Atletico manager Diego Simeone relished it, roaring and urging the fans to raise their volume for the final stages of their fourth consecutive Champions League elimination by their neighbours.
At the end he raced on to the sodden pitch as if Atletico had won.
They did beat Real 2-1 on Wednesday but lost the tie 4-2 on aggregate. A fittingly glorious failure on the final European night their stadium since 1966 will play host to.
The 3-0 first-leg defeat gave Atletico little hope of a comeback, although in the days prior to the semi-final the Argentine coach and his players insisted they could overcome their city rivals and reach the Cardiff final.
The fans believed too, with over 500 appearing outside the team hotel the night before the game to show their support and the Calderon enjoying one of the loudest and most impressive atmospheres in its 51 years as Atletico’s stadium.
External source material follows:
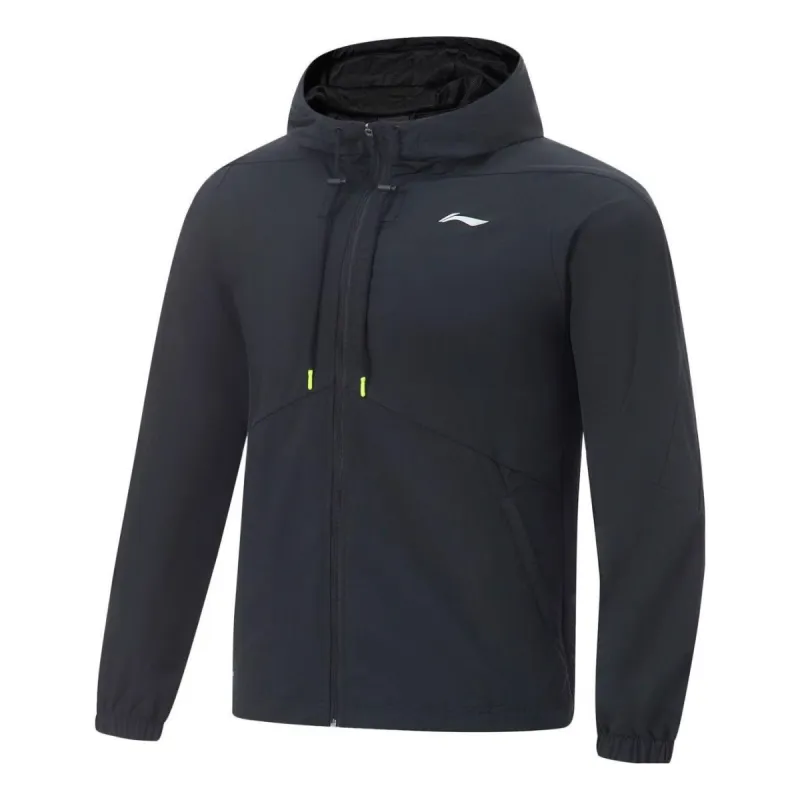 Li-Ning Autumn New Fitness Series Jacket 'Black' AFDT411-1 sold by KicksCrew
Next season they move to the Wanda Metropolitano, to the north-east of the city, away from their traditional stronghold, and it will take some doing to be anywhere near as intimidating a stadium for opponents.
However, Simeone has faith the fans will bring their new home to life.
“The emotions will move over. The same people that are here will be at the Metropolitano, the passion and hope is not negotiable,” he told reporters.
Real Madrid taunted Atletico with a banner display in last week’s first leg, reading
“Tell me how it feels”, making reference to their Champions League final victories over their city rivals in Lisbon (2014) and Milan (2016).
Atletico responded with a banner of their own. “Proud to not be like you” was their response. But when they leave the ramshackle, rusting but beloved Calderon, they will take a step closer to being like Real, one of Europe’s super-clubs with a state-of-the-art stadium to match.
The fans pushed the hosts on from the start and after 12 minutes Saul Niguez headed home. Antoine Griezmann added the second from the penalty spot four minutes later, sending the stadium into overdrive.
”The first 20 minutes of this magic night at the Calderon will be remembered forever,” Simeone said.
”We have to be proud of the players. They kept hope, showing we weren’t talking for the sake of talking but because we believed.”
In his five-and-a-half seasons at the helm of Atletico, Simeone’s team have become worthy rivals for Real domestically. But European clashes remain the final, impossible hurdle.